Files
astaroth/acc
..
2019-06-14 14:19:07 +03:00

Astaroth DSL compiler

Dependencies

Debian/Ubuntu

apt install flex bison build-essential

Usage

  • ./build_acc.sh # Builds the ASPL compiler (acc)
  • ./compile.sh <.sps or .sas source> # Compiles the given stage into CUDA
  • ./test.sh # Tries to compile the sample stages
  • ./clean.sh # Removed directories generated by build_acc.sh and test.sh

Example

  • ./compile.sh src/stencil_assembly.sas # Generates stencil_assembly.cuh
  • ./compile.sh src/stencil_process.sps # Generates stencil_process.cuh

What happens under the hood

The compiler is made of a scanner (flex), parser (bison), implementation of the abstract syntax tree (AST) and a code generator. The language is defined by tokens and grammars found in acc.l and acc.y. These files are given as input to flex and bison, which generate the scanning and parsing stages for the compiler. The resulting AST is defined in ast.h. Finally, we traverse the generated AST with our code generator, generating CUDA code.

ACC compilation stages

In short:

  • Preprocess .ac
  • Compile preprocessed .ac to .cuh
  • Compile .cuh

More detailed:

  1. A Parser is generated: bison --verbose -d acc.y
  2. A Scanner is generated: flex acc.l
  3. The compiler is built: gcc -std=gnu11 code_generator.c acc.tab.c lex.yy.c -lfl
  4. Source files (.sps and .sas) are preprocessed using the GCC preprocessor and cleaned from any residual directives which would be useful when compiling the code further with GCC. We do not need those when compiling with ACC and are not recognized by our grammar.
  5. Either the stencil processing stage (.sps) or the stencil assembly stage (.sas) are generated by passing the preprocessed file to acc. This emits the final CUDA code.
  6. Compilation is continued with the NVIDIA CUDA compiler

Even more detailed:

The NVIDIA CUDA compiler compiles .cuh to .fatbin, which is embedded into a C++ binary containig host code of the program.
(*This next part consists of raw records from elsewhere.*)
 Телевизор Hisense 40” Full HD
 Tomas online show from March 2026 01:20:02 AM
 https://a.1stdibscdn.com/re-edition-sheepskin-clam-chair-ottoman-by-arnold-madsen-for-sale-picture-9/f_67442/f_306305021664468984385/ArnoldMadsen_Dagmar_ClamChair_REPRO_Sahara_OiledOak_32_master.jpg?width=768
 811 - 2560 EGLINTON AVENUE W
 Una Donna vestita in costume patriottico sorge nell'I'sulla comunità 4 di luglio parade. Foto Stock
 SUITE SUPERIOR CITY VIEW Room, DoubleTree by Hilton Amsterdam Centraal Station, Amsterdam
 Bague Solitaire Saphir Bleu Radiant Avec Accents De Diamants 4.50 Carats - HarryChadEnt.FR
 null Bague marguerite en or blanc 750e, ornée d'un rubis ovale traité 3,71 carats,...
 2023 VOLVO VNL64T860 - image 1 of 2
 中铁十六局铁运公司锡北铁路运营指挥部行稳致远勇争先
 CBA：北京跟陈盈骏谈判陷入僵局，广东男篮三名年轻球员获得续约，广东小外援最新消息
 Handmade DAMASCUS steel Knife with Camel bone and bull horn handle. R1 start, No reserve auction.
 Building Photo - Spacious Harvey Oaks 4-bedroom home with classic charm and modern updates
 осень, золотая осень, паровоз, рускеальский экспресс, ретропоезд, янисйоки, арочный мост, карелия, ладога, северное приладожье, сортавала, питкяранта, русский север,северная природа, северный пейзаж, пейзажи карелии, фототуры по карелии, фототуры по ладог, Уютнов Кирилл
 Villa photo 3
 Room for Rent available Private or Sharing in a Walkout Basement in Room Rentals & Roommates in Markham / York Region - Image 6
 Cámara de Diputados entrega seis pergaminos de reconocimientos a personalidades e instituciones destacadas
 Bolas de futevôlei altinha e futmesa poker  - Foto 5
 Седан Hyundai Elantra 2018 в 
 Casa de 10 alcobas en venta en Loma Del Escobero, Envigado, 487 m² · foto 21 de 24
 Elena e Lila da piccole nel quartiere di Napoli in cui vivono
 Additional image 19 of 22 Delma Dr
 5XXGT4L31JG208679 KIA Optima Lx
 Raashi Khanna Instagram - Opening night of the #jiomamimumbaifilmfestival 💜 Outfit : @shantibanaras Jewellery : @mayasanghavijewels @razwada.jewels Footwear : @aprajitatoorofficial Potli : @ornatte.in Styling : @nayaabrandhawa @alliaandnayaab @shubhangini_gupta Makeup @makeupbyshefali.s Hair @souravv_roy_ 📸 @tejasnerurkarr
A fatbin contains .cubin files, which contain the configuration of the GPU and the kernels in a streaming assembly code (.sass). We could also compile for a virtual architecture (.ptx) instead of the actual hardware-specific machine code (.cubin) by passing -code=compute_XX flag to nvcc, which would compile cuda sources at runtime (just-in-time compilation, JIT) when creating the CUDA context. However, we alway know which architecture we want to run the code on and JIT compilation would just increase the time to takes to launch the program.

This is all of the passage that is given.